As Ms. Toni puts it, “This statement is more condescending to women than anything in the movie. I don’t want to throw around accusations, but what exactly is Stewart saying here? We have women represented from all angles in this movie. We have superheroes, secret agents, scientists, ass-kicking spies, and yes, a housewife. Is Stewart saying that Laura Barton is any less of a strong woman, any less of a valuable character, because she’s a housewife? Feminism is about equality. It’s about respecting a woman’s choice to be whatever the hell she wants to be. If Laura Barton chooses to focus on raising her family, then all the power to her. How dare you reduce the role that so many women choose to make into some sort of anti-feminist ‘gender shit’. I saw nothing wrong with Laura Barton’s character. She is simply another example of a strong woman, doing what strong women do.”
Even Buffy, in “Older and Faraway”, (6.14) told Dawn that her most important job was caring for her. Saving the world a gazillion times was nothing compared to making sure her younger sister grew up to be a mature, functioning, caring adult in this world.
The Independent’s Matthew James gets the final word in this because he so eloquently puts the real issue before us, “The characters in Age Of Ultron are driven by creation. The villainous Ultron speaks on how humans come to accept their own mortality once they have had children. Ultron is a child of Tony Stark and sees the destruction of his father as necessary for evolution. Hawkeye is revealed to have children, and he is fighting for them to have a better world. The twins Quiksilver and Scarlett Witch are orphaned children, fuelled by their grief and anger. The Vision is a child of Ultron, but he is only brought to life thanks to creative contributions from other Avengers.
And Bruce Banner, the man who loves Widow, is unable to have children due to the gamma radiation which riddles his body. Viewed in this context, we see that Widow’s own plight is a function of the movie’s overall theme. She had her ability to create taken away from her. It’s not that she wants children, it’s that she cannot have them even if she did. Anything which might detract from her being a killer was stripped from her. It is not her infertility that makes her fear she’s a monster. It’s that her creators stole it from her.

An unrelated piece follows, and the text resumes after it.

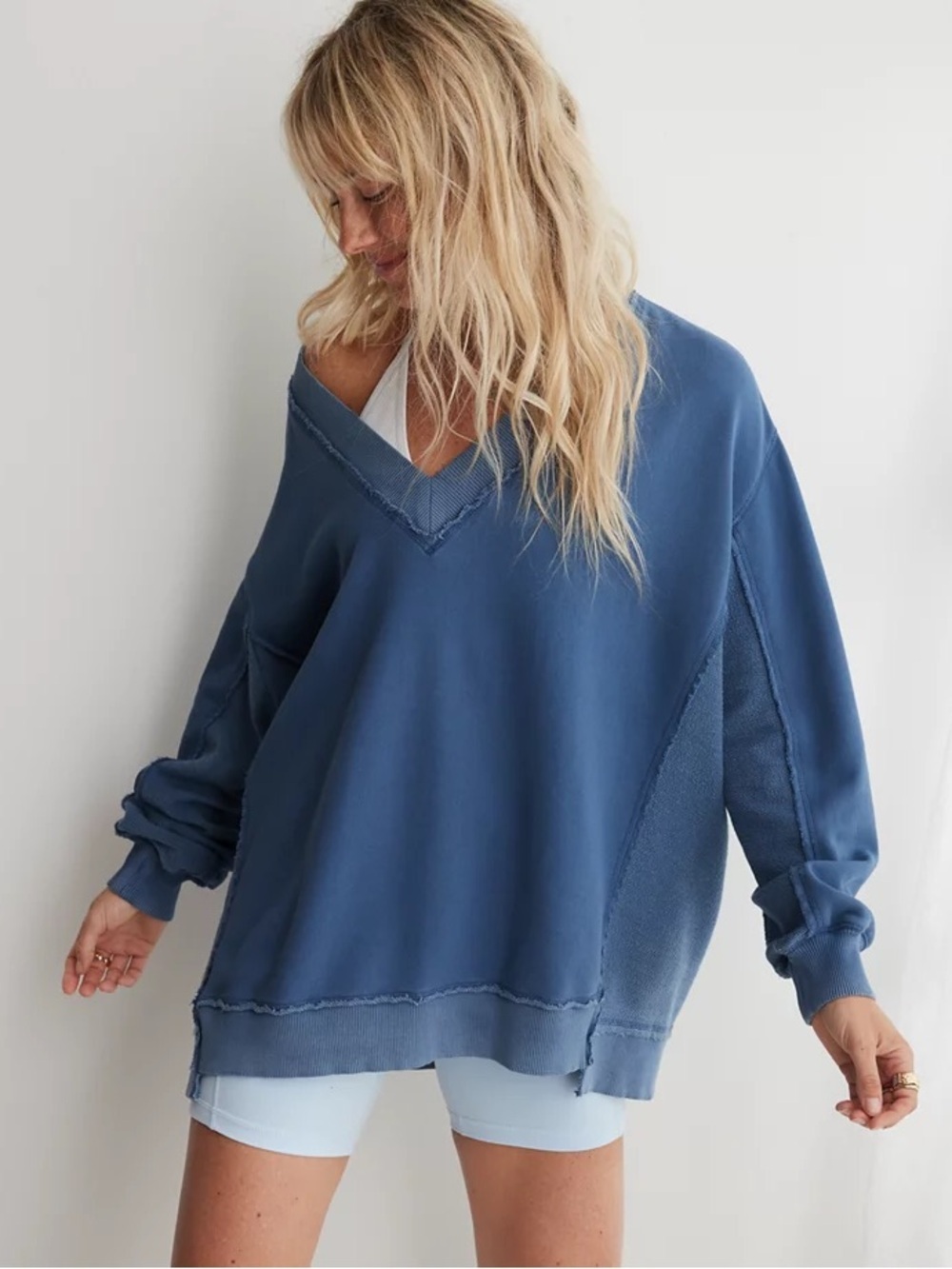 Aerie Vacay Every Day V Neck Sweatshirt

That they might have made her more weapon than human.
A lot of the criticism has been hung on this word: “monster”. But she doesn’t actually call herself that. She asks Bruce “Still think you are the only monster on the team?” She is vulnerable, sharing a secret. And it’s worth noting that the use of the word “monster” is deployed very deliberately. The movie invokes Frankenstein as it fills its cast with creators and creations. Captain America, Iron man, and The Vision all refer to themselves as monsters in various ways.”
So, Joss Haters, look in thy glass. You are the ones creating the roadblocks to equality by your reductive visions of true feminism. As, Mr. James points out, “True equality, when it arrives, will announce itself with diversity.”